[[ Supplied material, beginning ]]

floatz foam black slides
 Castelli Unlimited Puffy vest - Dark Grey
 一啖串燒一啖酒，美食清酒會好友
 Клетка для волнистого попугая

[[ Supplied material, end ]]

- [The problem] Each line of the listing is to be reproduced verbatim.

- [Task solution]
floatz foam black slides
 Castelli Unlimited Puffy vest - Dark Grey
 一啖串燒一啖酒，美食清酒會好友
 Клетка для волнистого попугая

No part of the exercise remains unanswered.